● **YOUR OBJECTIVE**
Lower down are entries containing pictures. Copy exactly, without those pictures, the lines from the line with "Hosting Outdoor Parties?" through the line with "Goobay USB 2.0 Hi-Speed Cable 90 , Black Goobay Goobay".

(Beginning of RECORDS SUPPLIED)

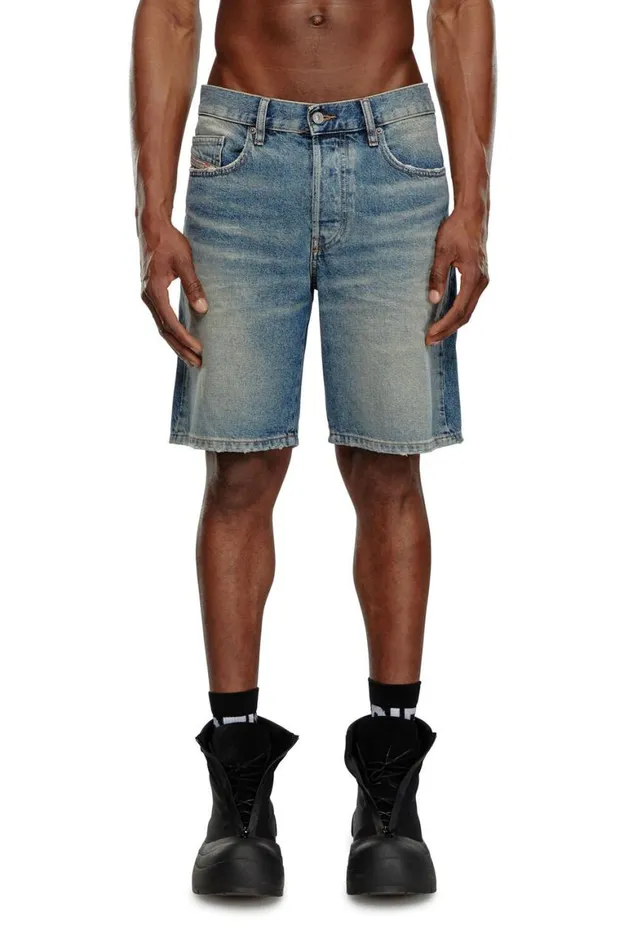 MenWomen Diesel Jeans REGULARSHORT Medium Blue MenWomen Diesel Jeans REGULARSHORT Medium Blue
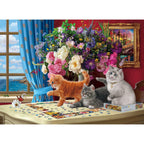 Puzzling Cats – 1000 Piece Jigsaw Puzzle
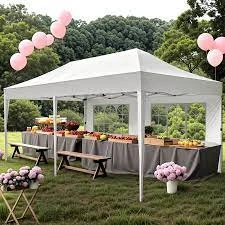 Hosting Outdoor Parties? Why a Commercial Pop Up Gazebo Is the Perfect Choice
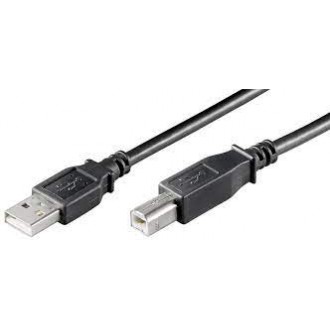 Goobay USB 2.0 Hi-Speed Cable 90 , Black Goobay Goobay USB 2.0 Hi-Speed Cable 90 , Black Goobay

(End of RECORDS SUPPLIED)
(Beginning of RECORDS SUPPLIED)

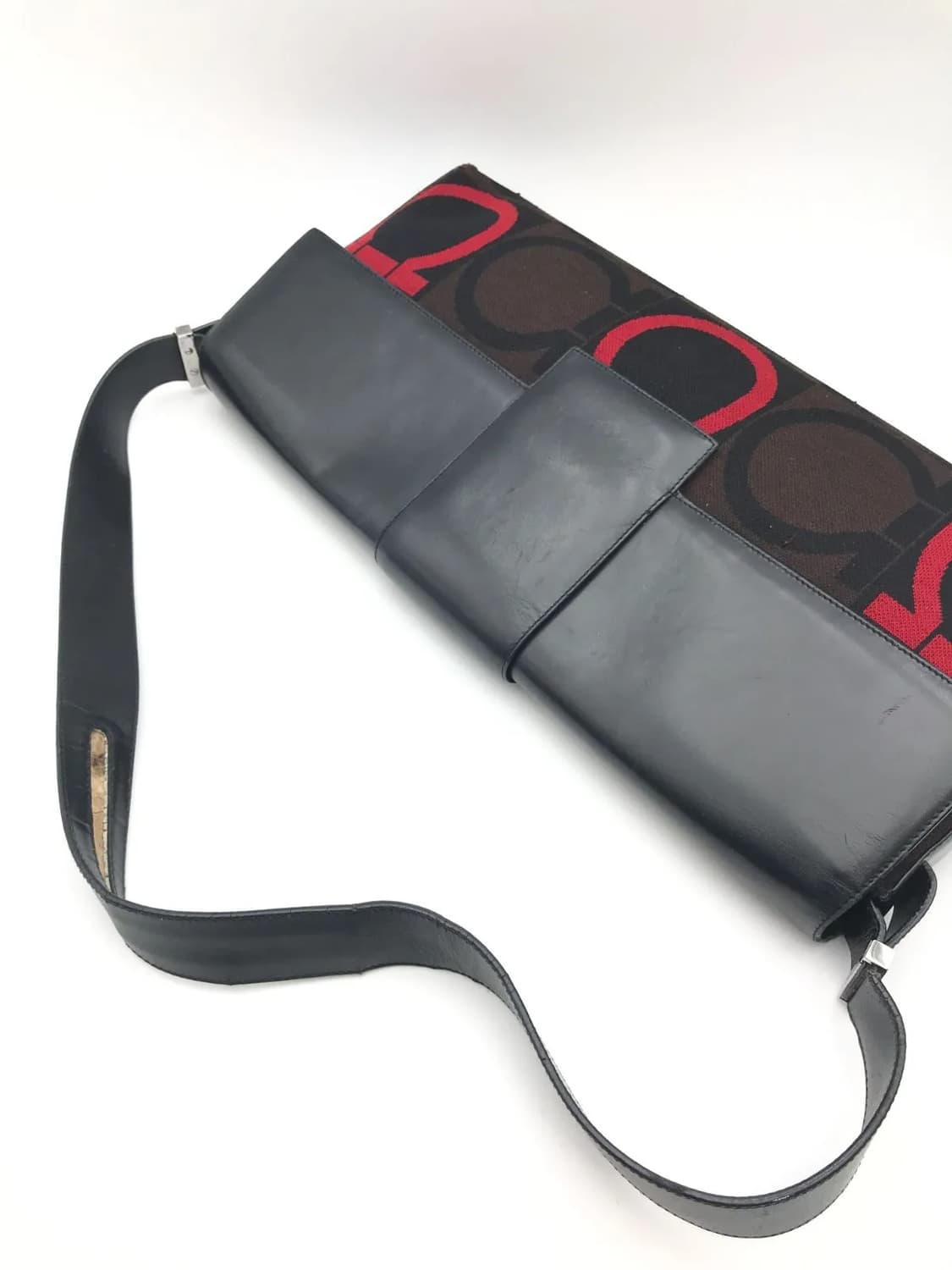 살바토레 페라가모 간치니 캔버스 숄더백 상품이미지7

(End of RECORDS SUPPLIED)

● **RESULT FOR THIS TASK**
 Hosting Outdoor Parties? Why a Commercial Pop Up Gazebo Is the Perfect Choice
 Goobay USB 2.0 Hi-Speed Cable 90 , Black Goobay Goobay USB 2.0 Hi-Speed Cable 90 , Black Goobay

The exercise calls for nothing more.